### Work item
Omit every picture, then return each line of the data below exactly.

### Working data

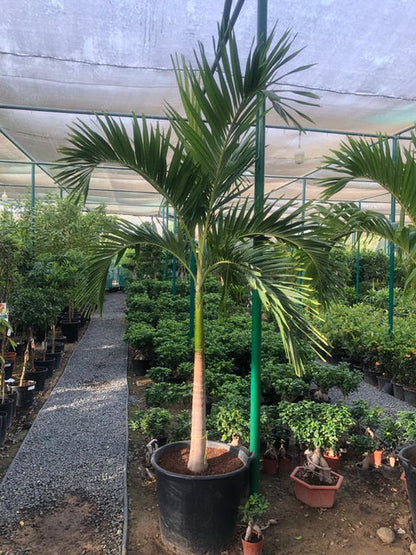 Veitchia Palm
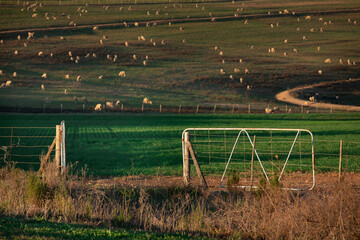 Open gate leads into farm with sheep in the background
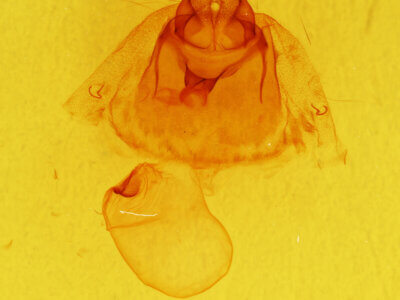 genitalia view of adult Gluphisia septentrionis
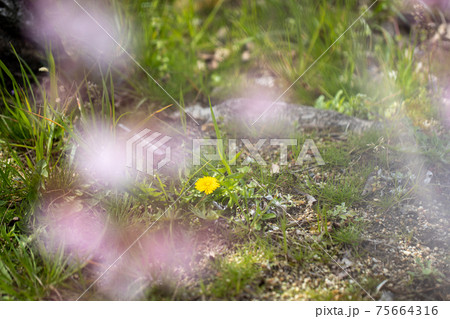 雑草の中で咲くタンポポの花（春のイメージ） 75664316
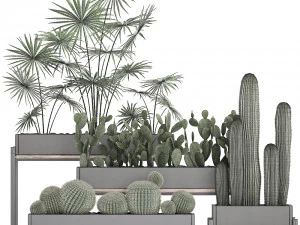 decorative plants in flower pots for the interior 462 3D Model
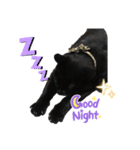 黒猫ゆきちゃんスタンプ（個別スタンプ：4）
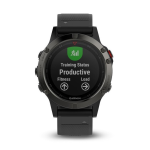 Garmin Fenix 5 Manuel utilisateur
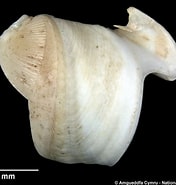 Afbeeldingsresultaten voor "teredora Malleolus". Grootte: 176 x 185. Bron: naturalhistory.museumwales.ac.uk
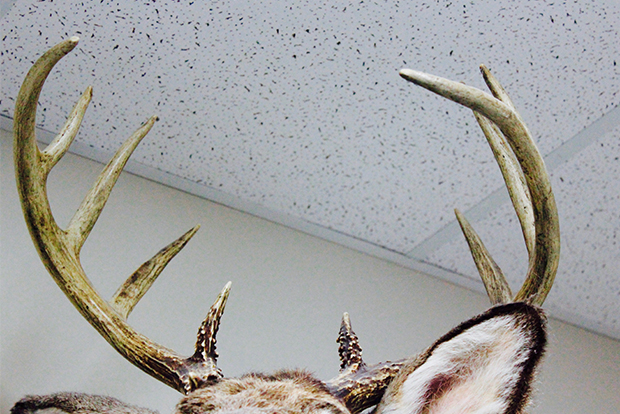 antlers stolen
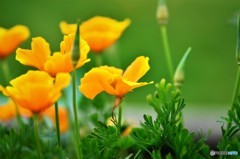 花菱、そう、、、？？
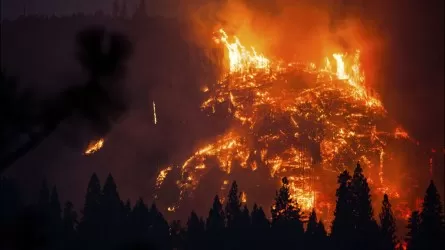 Ущерб от прошлогодних пожаров в Павлодарской области превысил 100 млн тенге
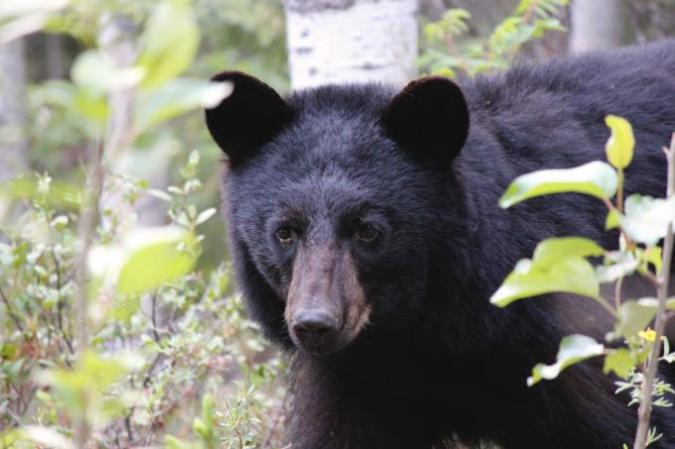 The Rise of Social Science in Wildlife Management: Feds Propose Banning Predator Hunting, Bear Baiting on Alaska Refuge Lands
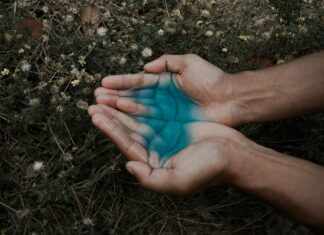 Little Parni: Discover Unique Insights and Hidden Treasures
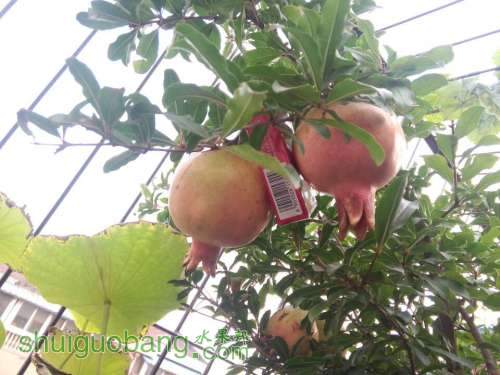 QQͼƬ20140801183202.jpg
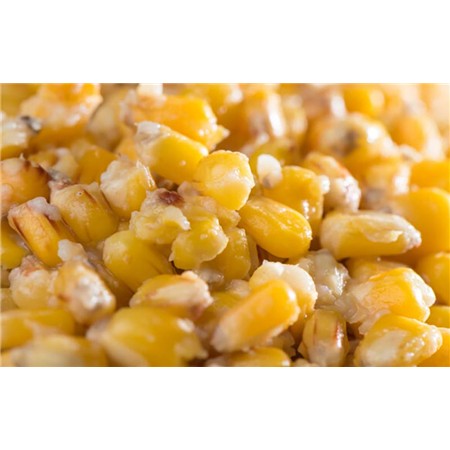 MAÏS MIVARDI CORN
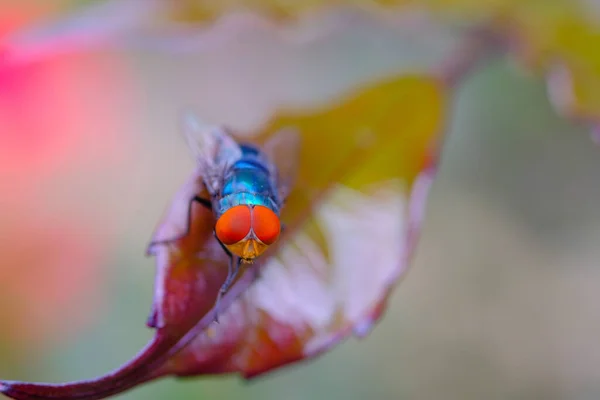 宏观摄影 印尼万隆市的一个公园里 一只橙色眼睛的蓝色苍蝇栖息在一片褐色的叶子上 拍摄了一张特写镜头 — 图库照片
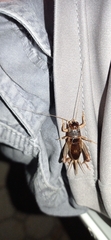 Anurogryllus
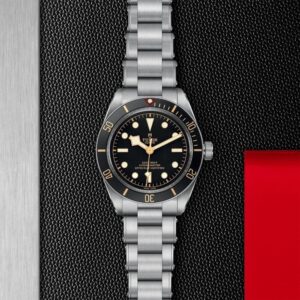 M79030N-0001 TUDOR チューダー ブラックベイ 58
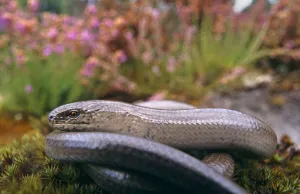 Slow worm {Anguis fragilis} adult male, Dorset, UK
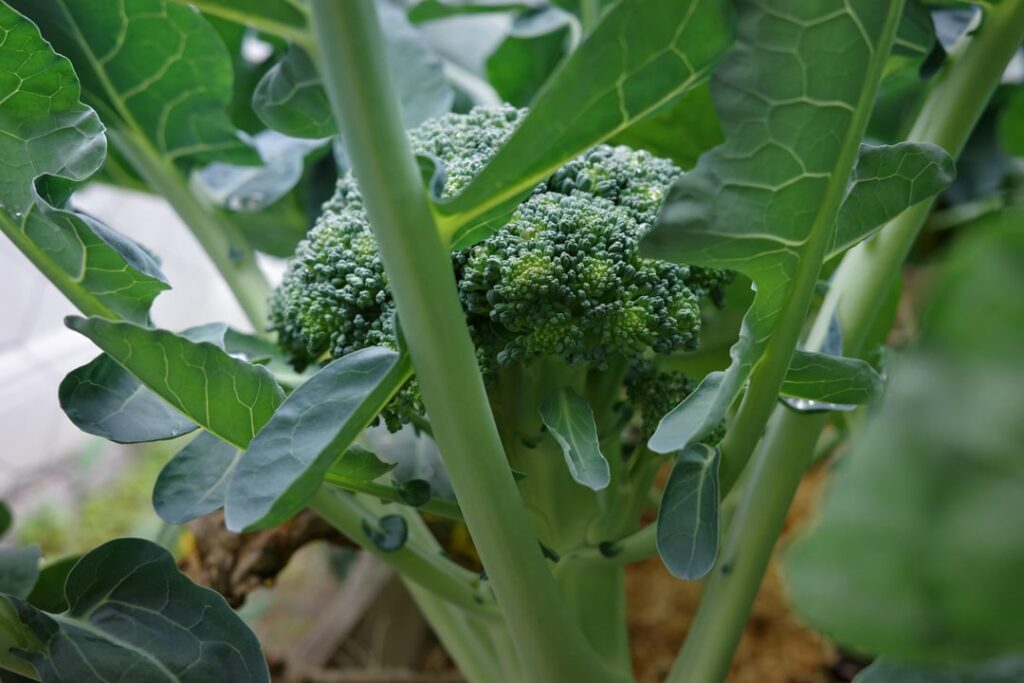 Just wanted to share my first broccoli harvest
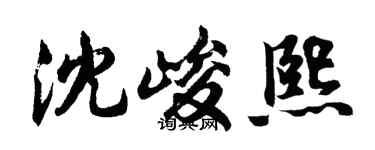 胡問遂沈峻熙行書個性簽名怎么寫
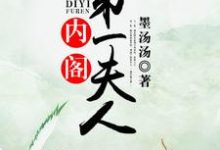 《内阁第一夫人》全集免费在线阅读(阮慕阳张安夷)-个性文学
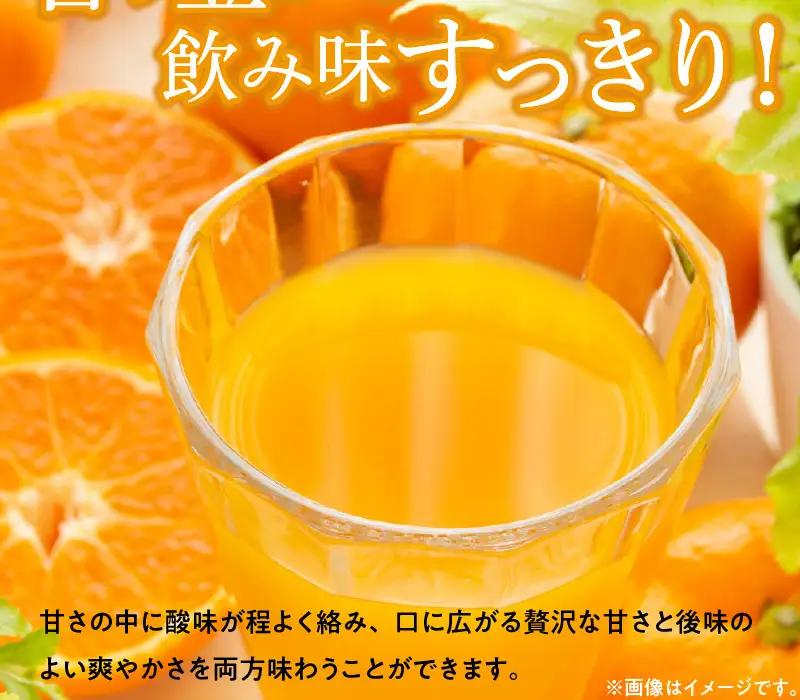 みかんジュース 1L × 2本「ゆら絞りみかん 無添加」_DG6016n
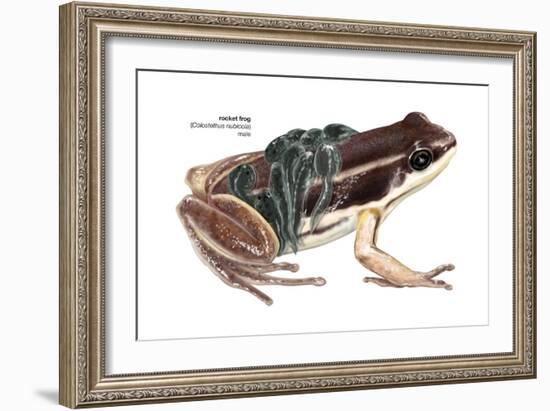 Rocket Frog (Colostethus Nubicola), Amphibians-Encyclopaedia Britannica-Framed Art Print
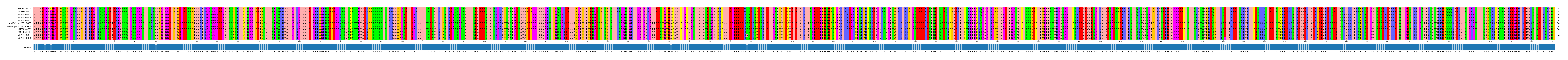 Multiple Alignments (by translate haplotype similarity)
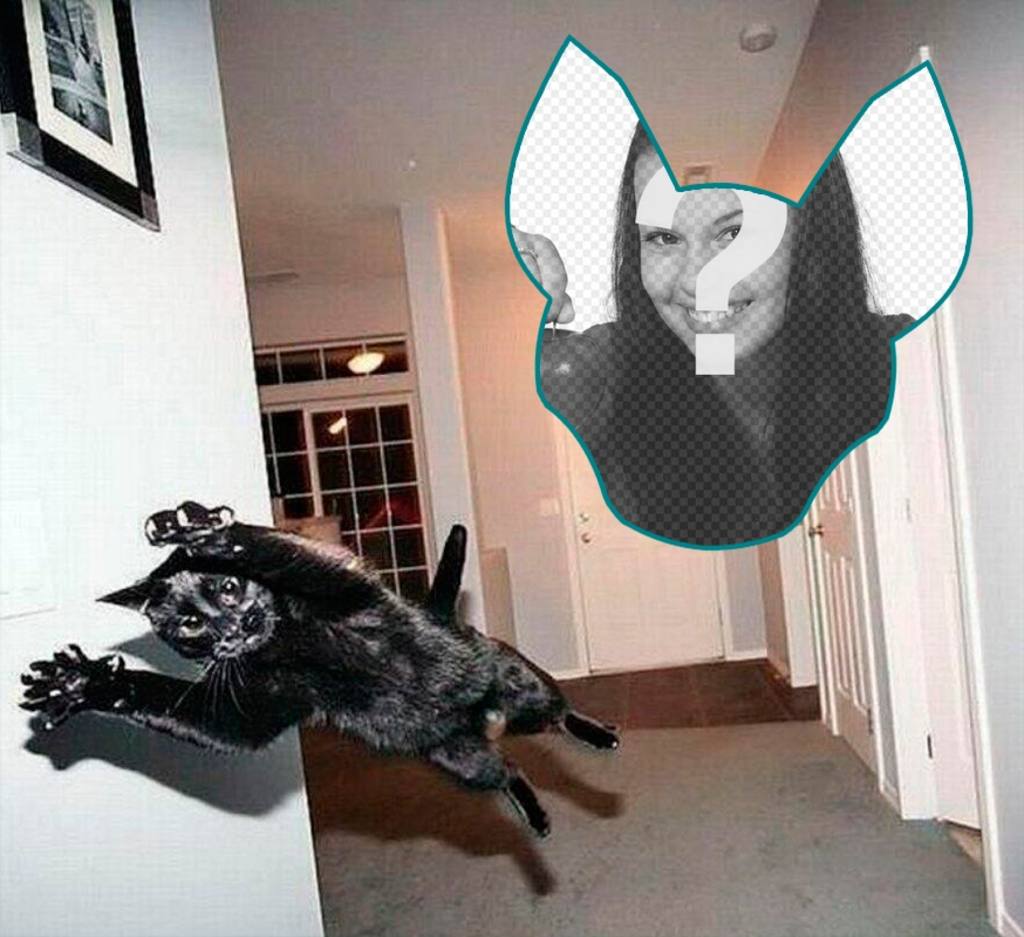Fotomontagem com um gato pulando, como se fosse uma explosão. ..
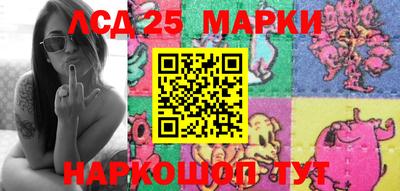 индика Ставрополь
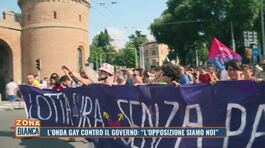 L'onda gay contro il Governo: "L'opposizione siamo noi" thumbnail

### Solution
 Veitchia Palm
 Open gate leads into farm with sheep in the background
 genitalia view of adult Gluphisia septentrionis
 雑草の中で咲くタンポポの花（春のイメージ） 75664316
 decorative plants in flower pots for the interior 462 3D Model
 黒猫ゆきちゃんスタンプ（個別スタンプ：4）
 Garmin Fenix 5 Manuel utilisateur
 Afbeeldingsresultaten voor "teredora Malleolus". Grootte: 176 x 185. Bron: naturalhistory.museumwales.ac.uk
 antlers stolen
 花菱、そう、、、？？
 Ущерб от прошлогодних пожаров в Павлодарской области превысил 100 млн тенге
 The Rise of Social Science in Wildlife Management: Feds Propose Banning Predator Hunting, Bear Baiting on Alaska Refuge Lands
 Little Parni: Discover Unique Insights and Hidden Treasures
 QQͼƬ20140801183202.jpg
 MAÏS MIVARDI CORN
 宏观摄影 印尼万隆市的一个公园里 一只橙色眼睛的蓝色苍蝇栖息在一片褐色的叶子上 拍摄了一张特写镜头 — 图库照片
 Anurogryllus
 M79030N-0001 TUDOR チューダー ブラックベイ 58
 Slow worm {Anguis fragilis} adult male, Dorset, UK
 Just wanted to share my first broccoli harvest
 胡問遂沈峻熙行書個性簽名怎么寫
 《内阁第一夫人》全集免费在线阅读(阮慕阳张安夷)-个性文学
 みかんジュース 1L × 2本「ゆら絞りみかん 無添加」_DG6016n
 Rocket Frog (Colostethus Nubicola), Amphibians-Encyclopaedia Britannica-Framed Art Print
 Multiple Alignments (by translate haplotype similarity)
Fotomontagem com um gato pulando, como se fosse uma explosão. ..
 индика Ставрополь
 L'onda gay contro il Governo: "L'opposizione siamo noi" thumbnail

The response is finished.